Whoa UPS must like you. I paid almost $50 for a $100 item.


----------



## Steadfastly (Nov 14, 2008)

Oh, yes, UPS and FedEx are morally bankrupt. Of that there is no doubt. However, I believe MF is paying for the brokerage and extra shipping costs to the border. All we'll pay is the tax. But when you're being shipped anything else, they always charge Mafia prices for the extra shipping and brokerage.


----------



## OldGuitarPlayer (Feb 25, 2013)

Yeah the shipping might be free but be ready to take it up the arse with "brokerage fees" if they ship by UPS. I only have stuff shipped by the USPS since there is never any brokerage fee. There is no duty on guitars, ukuleles, mandolins and banjos. I once had a Ukulele shipped from the states and there was no extra taxes or fees other than the very cheap cost to ship it by USPS. Avoid UPS like the plague. *Google* is your friend: http://www.cbsa-asfc.gc.ca/trade-commerce/tariff-tarif/2012/01-99/ch92-2012-eng.pdf


----------



## robare99 (Jan 9, 2012)

True. I try to use USPS whenever I can. The lights still ended up as a deal, on eBay they are typically $255 each. Just a piss off though.


----------



## StevieMac (Mar 4, 2006)

Steadfastly said:


> ...I believe MF is paying for the brokerage and extra shipping costs to the border. All we'll pay is the tax.


I'd have to be absolutely certain about that before moving forward so...where _exactly_ does it say that MF is paying all brokerage, etc fees? 

I actually scoped out a few Gibson & Fender guitars on the site and found, when it was time to checkout, it wouldn't let me purchase those particular items with a Canadian address. Other items would apparently have been fine however...


----------



## Steadfastly (Nov 14, 2008)

StevieMac said:


> I'd have to be absolutely certain about that before moving forward so...where _exactly_ does it say that MF is paying all brokerage, etc fees?
> 
> I actually scoped out a few Gibson & Fender guitars on the site and found, when it was time to checkout, it wouldn't let me purchase those particular items with a Canadian address. Other items would apparently have been fine however...


I've emailed them and will let everyone know when I receive a reply.


----------



## Steadfastly (Nov 14, 2008)

I have had an ongoing email with MF about this. The person I am in contact with has had to have his hand held with every question as it's obvious he has no idea what's involved in shipping charges to Canada. I've experienced the same thing before with USA suppliers. 

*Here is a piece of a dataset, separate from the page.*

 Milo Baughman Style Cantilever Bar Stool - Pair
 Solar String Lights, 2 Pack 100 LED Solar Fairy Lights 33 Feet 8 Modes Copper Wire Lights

I'll post the whole thing here when I get the final explanation/answer from them. I'm betting, though, if you spoke to someone else you might get a different answer.


----------



## GuitarsCanada (Dec 30, 2005)

Steadfastly said:


> I have had an ongoing email with MF about this. The person I am in contact with has had to have his hand held with every question as it's obvious he has no idea what's involved in shipping charges to Canada. I've experienced the same thing before with USA suppliers.
> 
> I'll post the whole thing here when I get the final explanation/answer from them. I'm betting, though, if you spoke to someone else you might get a different answer.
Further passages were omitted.